In breve, non si elegge nessuno a condurre una comunità di fratelli finché lo
stesso non abbia imparato con l'obbedienza ciò che conviene comandare e non
abbia assimilato, nella scuola degli anziani, l'insegnamento che dovrà
trasmettere ai più giovani. Dirigere bene gli altri e farsi dirigere in modo
adeguato è, nel giudizio dei padri, la caratteristica dell'uomo saggio, il dono,
la grazia incomparabile dello Spirito Santo. Non si può esercitare l'autorità
per il bene dei propri subordinati se prima non ci si è formati in tutte le
discipline della virtù; e nessuno può obbedire al suo anziano, al di fuori di
colui che si è perfezionato nel timore di Dio e si è reso perfetto nella virtù
dell'umiltà.
Questo è il motivo della diversità degli usi e delle regole che noi vediamo
osservate nelle altre province: la maggior parte delle volte noi non abbiamo
paura di assumere la direzione di un monastero senza conoscere l'insegnamento
degli anziani e, dichiarandoci abati prima di essere stati discepoli, decidiamo
secondo la nostra fantasia, più desiderosi di esigere l'osservanza delle leggi
di nostra invenzione, piuttosto che di custodire la dottrina provata degli
anziani.
Ma, mentre volevo solo spiegare la misura da tenere preferibilmente nelle
orazioni, sono stato conquistato con grande avidità dalle istituzioni dei padri,
anticipando così con eccessivo zelo l'esposizione che ho riservato per il tempo
opportuno. Torniamo ora al nostro argomento.

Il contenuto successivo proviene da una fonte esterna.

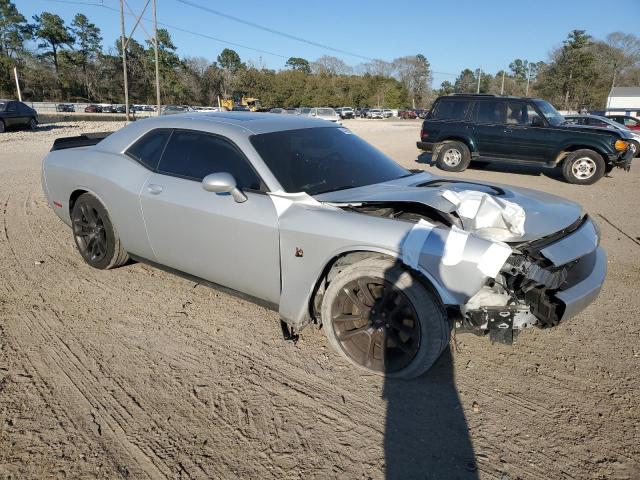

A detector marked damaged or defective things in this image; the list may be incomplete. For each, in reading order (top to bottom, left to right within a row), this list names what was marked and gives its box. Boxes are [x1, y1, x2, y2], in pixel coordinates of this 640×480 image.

CAPITOLO IV. Come si osserva il numero di
dodici salmi in tutto l'Egitto e nella Tebaide.
In tutto l'Egitto e nella Tebaide, come abbiamo detto, si osserva il numero di
dodici salmi, sia per la solennità della sera che per quella della notte; ma
questi sono seguiti da due letture, una dell'Antico Testamento ed una del Nuovo.
Questa disposizione, anticamente stabilita, persevera inviolata fino ad oggi in
tutti i monasteri di queste province perché, dicono gli anziani, non è dovuta ad
un'invenzione dell'uomo, ma fu portata giù dal cielo ai nostri padri, grazie al
magistero di un angelo
[6].
CAPITOLO V. Il numero di dodici salmi
trasmesso dall'insegnamento di un angelo.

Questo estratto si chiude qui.